A shot rang out in the darkness and the man fell into the ditch not twenty feet from me. I got up and ran to him only to hear two shot ring out, one from each side of the ditch. A voice called out for me to stay down if I wanted to live, so I complied. I crawled to the man in the ditch and found him dead and in uniform one corporal Davis. The shot took him through the heart and though it was fairly cold out sharing a ditch with a zombie is not my idea of a good time I poked corp. Davis head up out of the ditch and was rewarded with a quick and accurate response.
At least then I was armed. Didn't need to be though, I was in that ditch for close to eight hours before a shot rang out followed by a voice that told me it was ok to come out. Of course that didn't make me feel better and told the voice so. To which the reply was fine stay in the ditch he didn't give a damn and it would be better for him when the rest of the soldiers came looking for there scouts if I was around to do the explaining. That was followed by foot steps and a quick decision from me. I scrambled out of the ditch and found an older man in hunting camo holding a scoped rifle on me.

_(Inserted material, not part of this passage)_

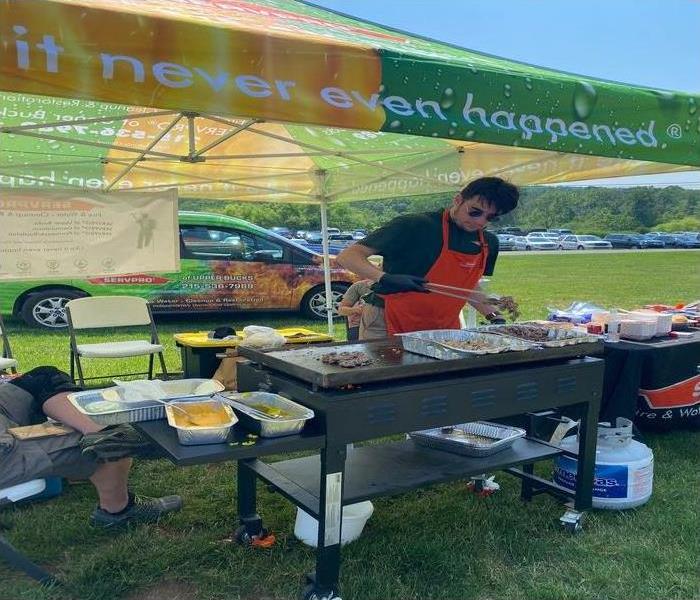 Stephen cooking over a grill with a servpro tent surrounding him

Turns out that the old man was Wayne Hockensmith and had been hiding his family from the zombies and more recently from the troops from Ft. Knox. He told me that he had been keeping in touch with another family and when he went to check on them last he found the men dead and the women and children missing. He then tracked the people that left the house back to what he describes as a field command. He then found Stacy and her kid sitting in a fenced in area with many other women and children but was shot at before he could get to them.

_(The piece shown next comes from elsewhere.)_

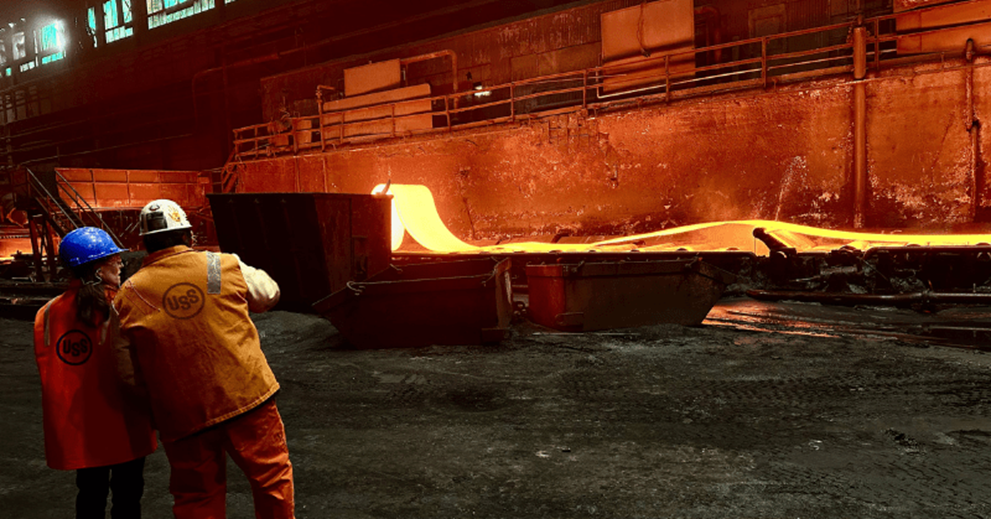 Two people in a factory setting watch a piece of molten steel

The next night when he went back with his sons and grandsons the whole thing was gone, but was easy to track because of the tanks and armored personal carriers. He found them in the early morning over ten miles from the first camp. This time he set up a distraction while his sons free their friends and some of the other women being held but he said most wanted to stay and wouldn't leave. Guess they felt that safety from the dead was worth their freedom.
Wayne and his family have been dodging the scouts and troops since that night and was tracking them when they fired on me. Wayne is a good man and one hell of a survivor, he's kept his family safe and fed through the end of the world and still managed to save the wife and children of a friend when it might cost him everything. I told him about the compound and how to get in touch when he gets close. They wont have much with them when they come but the people that he rescued might have something to say about the troop that captured them and what they are planning.
I pray they make it to you safely, they have been through hell.